Song by the Rolling Stones

from the album Dirty Work
- Released: 24 March 1986
- Recorded: 1985
- Genre: Rock
- Length: 5:11
- Label: Rolling Stones/Virgin
- Songwriter(s): Jagger/Richards
- Producer(s): Steve Lillywhite, the Glimmer Twins

= Sleep Tonight =

"Sleep Tonight" is a song by the Rolling Stones, from their 1986 album Dirty Work. It is the second song on the ten-track album where lead vocals are performed by Keith Richards, "Too Rude" being the first. This was the first time two songs sung by Richards appeared on a Rolling Stones album.

Richards wrote the song (credited as a Jagger/Richards composition) on piano in the Paris recording studio's control room. Ronnie Wood liked the developing song and they recorded it together unaccompanied. Wood played drums, since Charlie Watts was not present for the session, and Watts later said "he could not have done better. Richards plays all guitars, bass and piano, as well as lead and backing vocals, aided by Bobby Womack and Don Covay.

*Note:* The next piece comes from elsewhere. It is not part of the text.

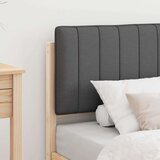  Posteljni okvir z oblazinjenim vzglavjem Temno siva 75 x 190 cm, (5000101715) | Shoptok.si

Richards has stated that his singing during the Dirty Work sessions "thickened up" his voice: Since Jagger was absent from the studio much of the time, Richards provided guide vocals for many tracks and learned new microphone techniques. His sturdy but smokey vocal presence on "Sleep Tonight" foreshadows the strong and emotive singing on his solo records and later Rolling Stones tracks.

==The song==
"Sleep Tonight" is a piano-driven ballad, with a restrained string arrangement (played on a synthesizer), a heavy drum beat and a gospel-like vocal arrangement. The song shows a maturing musician and songwriter, and is a bridge between the younger Richards "outlaw" songs and the soulful ballads he became known for on later Rolling Stones records like "Slipping Away" (Steel Wheels), "The Worst" and "Thru and Thru" (Voodoo Lounge), "How Can I Stop" (Bridges to Babylon) and "Losing My Touch" (Forty Licks).